Codex is the odd one out – it doesn't emit native metrics, only logs and traces. The bridge: fifteen Loki recording rules that evaluate every minute, extract structured fields from log lines, and remote-write the results to Prometheus. Logs go in. Metrics come out. The Codex dashboard queries PromQL as if Codex emitted native metrics – the bridge is invisible.

Install

./hooks/install.sh

The installer auto-detects which CLIs are present, backs up existing configs, injects the bash hooks and enables native OTel export – all via non-destructive jq merge. To verify the full pipeline, run ./scripts/test-signal.sh. Eleven checks, pass/fail. If the pipe leaks, you'll know which joint.

What the Eye Watches

Two hook metrics flow into Prometheus. shepherd_tool_calls_total labeled by source, tool, tool_status, git_repo. shepherd_events_total labeled by source, event_type, git_repo. That's all the hooks produce. The dimensions are what make them useful.

Cost comes from native OTel. Here's what the Eye saw in one real session – this article being written:

Input tokens: 469
Output tokens: 26,996
Cache reads: 26,364,893
Cost: $47

Twenty-six million cached tokens. That's not a typo. A long session with Opus means the context gets re-read on every turn. Cache reads are cheap – $1.50 per million instead of $15 for fresh input – but twenty-six million of anything adds up.

The $47 Tuesday would have been a $5 Tuesday with this dashboard open. Not because the dashboard changes the cost. Because the dashboard changes the behavior.

You don't run an agent for eight hours when you can see the meter running.

You can't optimize a black box. You can optimize glass.

Eight Dashboards

Four unified dashboards answering the four questions from Part 1. Three provider deep dives.
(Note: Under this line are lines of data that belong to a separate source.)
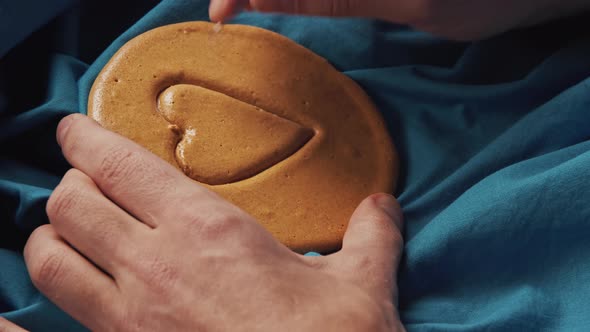 Men's Hands Scratch Sugar Cookies Candy in the Shape of a Heart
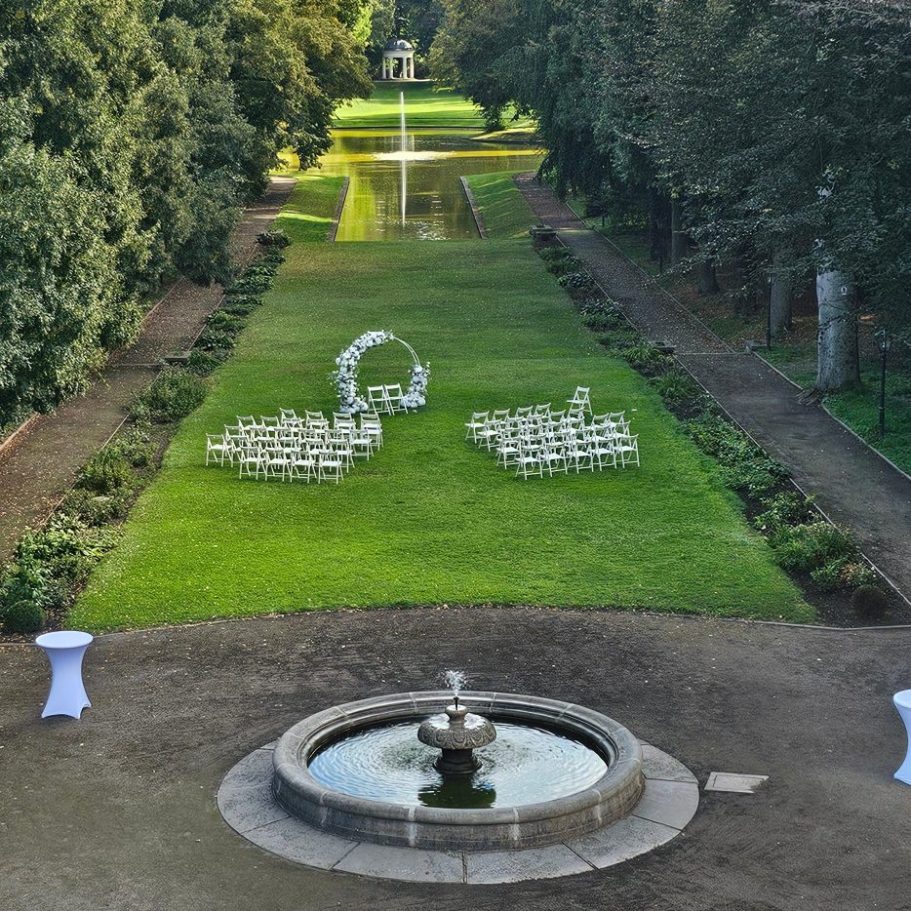 Eleganter Garten mit einer Rasenfläche, Stühlen für eine Zeremonie und einem Brunnen.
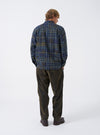 A back view of a model wearing the Olive Shadows Check Fatigue Shirt. The image highlights the relaxed back yoke, olive green check pattern across the cotton fabric, and straight lower hemline against a neutral background.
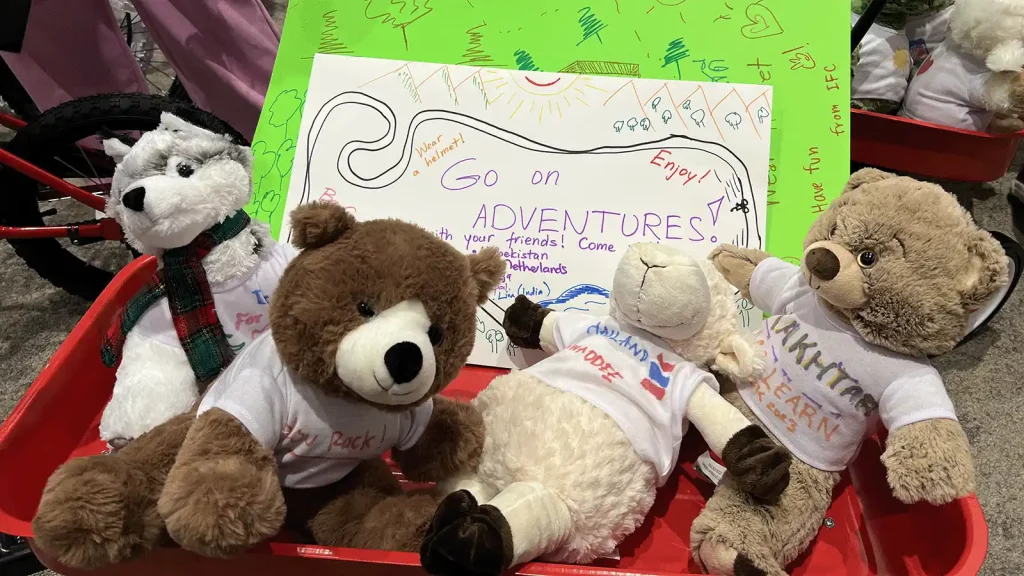 Group of stuffed bears in white T-shirts sitting in a red wagon, with a large handwritten poster reading 'Go on ADVENTURES!' in the background.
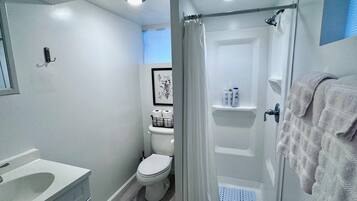 Hair dryer, towels, soap, toilet paper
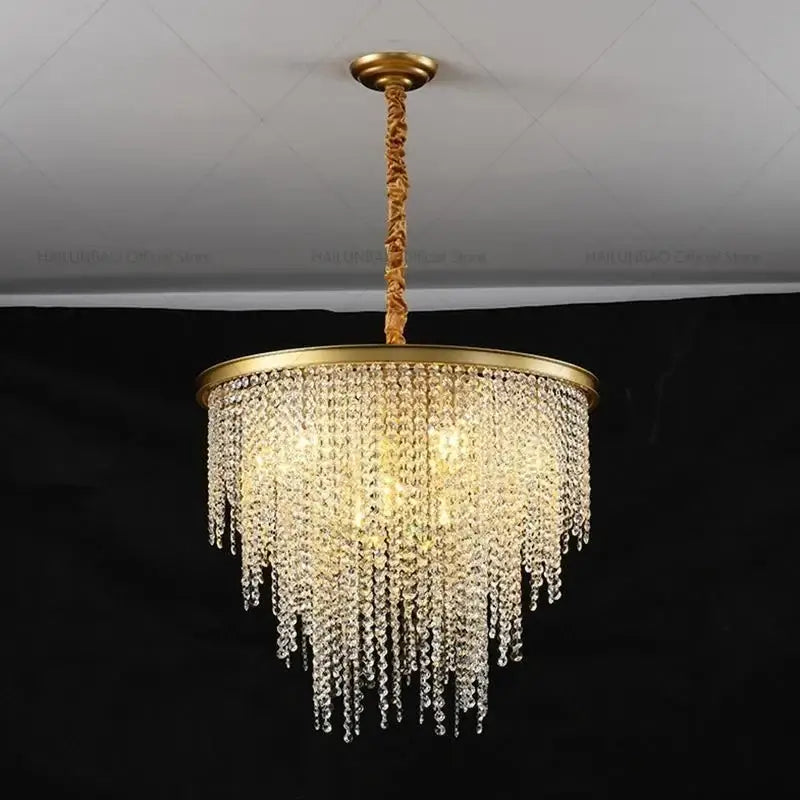 Gold-toned decorbites crystal chandelier with cascading clear crystal droplets and circular brass frame pendant light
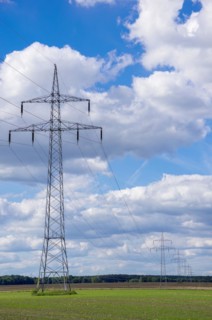 Distribution of electrical energy by means of overland power line consisting of overhead line pylons and overhead line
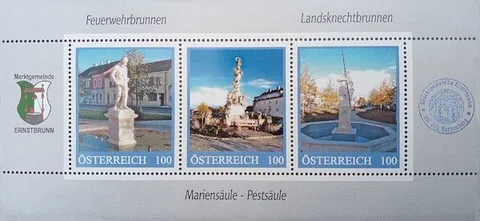 Eine Reihe von drei österreichischen Briefmarken mit einer Statue, einem Brunnen und einem Gebäude.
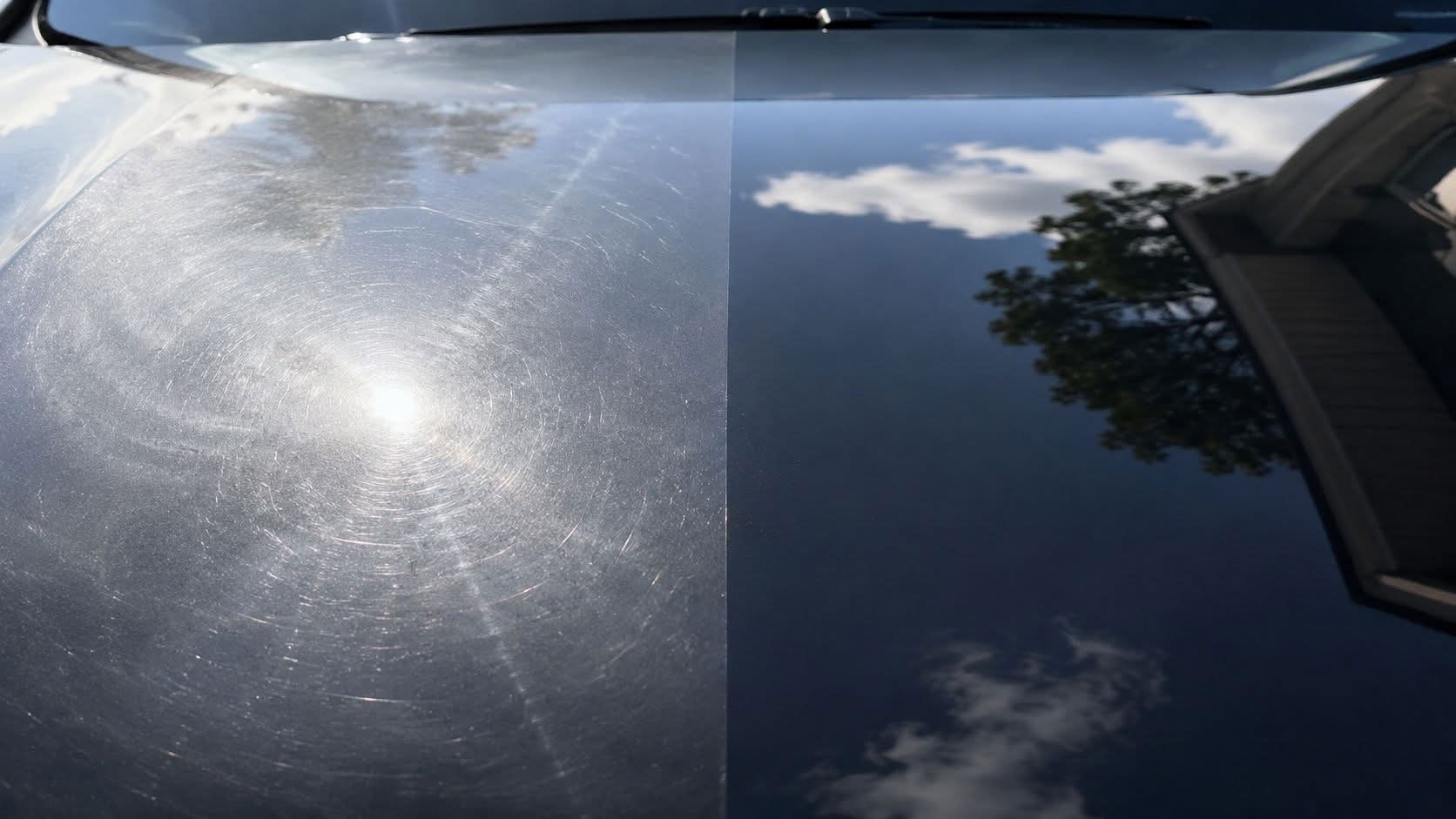 A car hood showing a clear difference between a scratched side and a polished, shiny side.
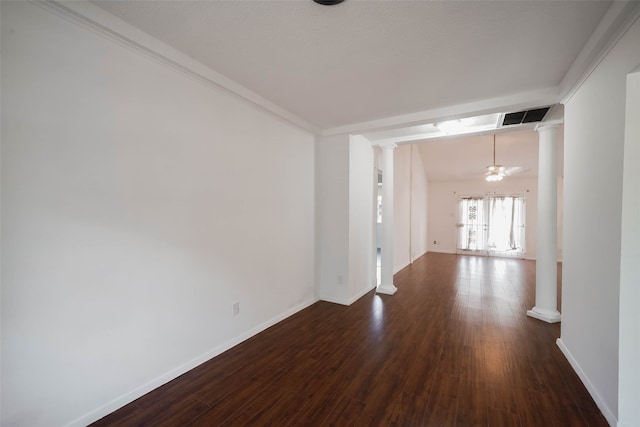 unfurnished room featuring decorative columns, crown molding, a chandelier, and dark hardwood / wood-style flooring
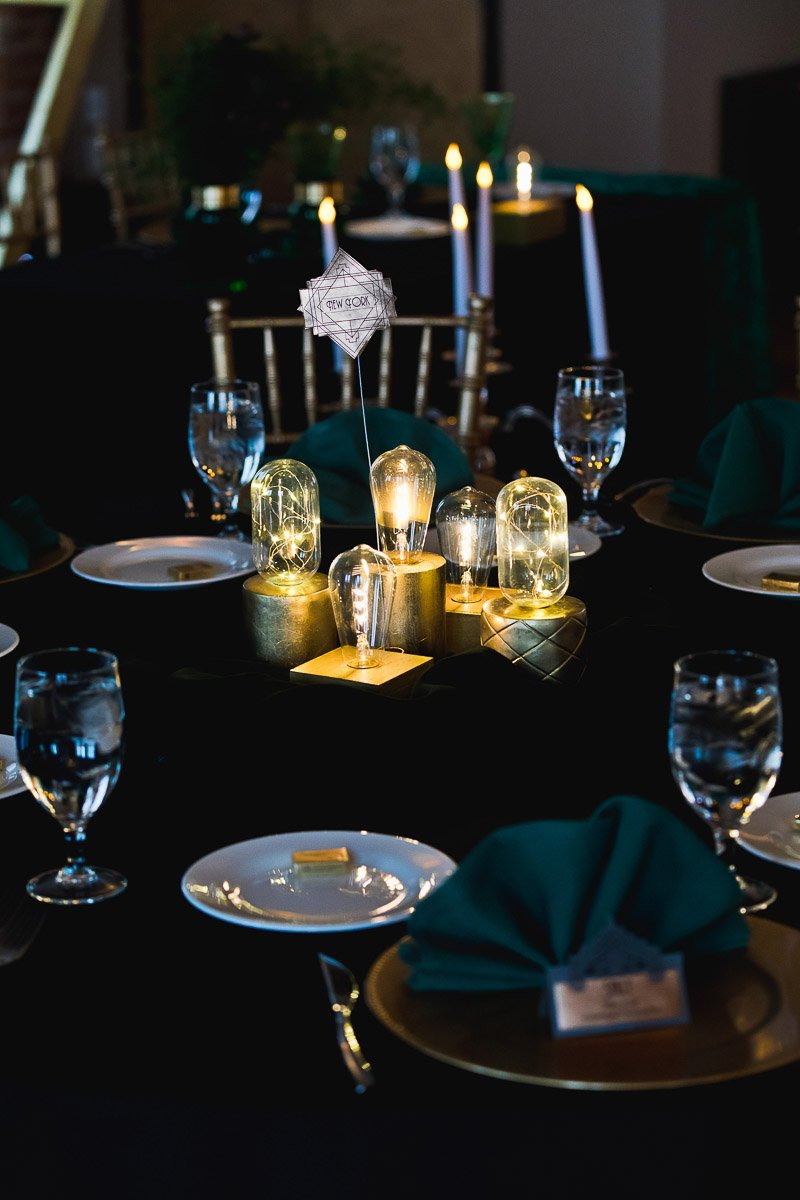 Elegant table setting with glowing vintage bulbs as centerpiece, surrounded by plates, green napkins, and glassware, conveying a warm ambiance.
One session timeline. The full eight: Cost, Tools, Operations, Quality, Claude Code Deep Dive, Codex Deep Dive, Gemini Deep Dive, Session Timeline.

Cost – "How much?"

sum(increase(shepherd_claude_code_cost_usage_USD_total[$__range]))

Cost Dashboard – total cost, tokens, sessions, cache efficiency

One stat panel. Green below $5. Yellow at $5. Red at $20. The color tells you everything before the number does. Cost by model, cache efficiency, token usage over time, and a session details table with every session's bill.

Tools – "Who is wandering?"

topk(10, sum by (tool) (increase(shepherd_tool_calls_total[$__range])))

Tools Dashboard – call counts, top 10 tools, error rates

Total calls, calls per minute, top 10 tools ranked by frequency, and the Failing Tools bar gauge – tool name, error count, sorted by shame. Bash leads with the most errors in my stack. Not because Bash is broken – because Bash is where agents try things that don't work.

The error rate is the honesty metric. An agent with zero errors is either perfect or silent about its failures.

Operations – "What's happening now?"

Operations Dashboard – events per minute, source breakdown, live log feed

Events per minute. Source breakdown. A raw Loki log stream at the bottom – when you're debugging, you need a scrolling terminal, not a dashboard. This is that terminal, in Grafana.

Quality – "Is the system getting better?"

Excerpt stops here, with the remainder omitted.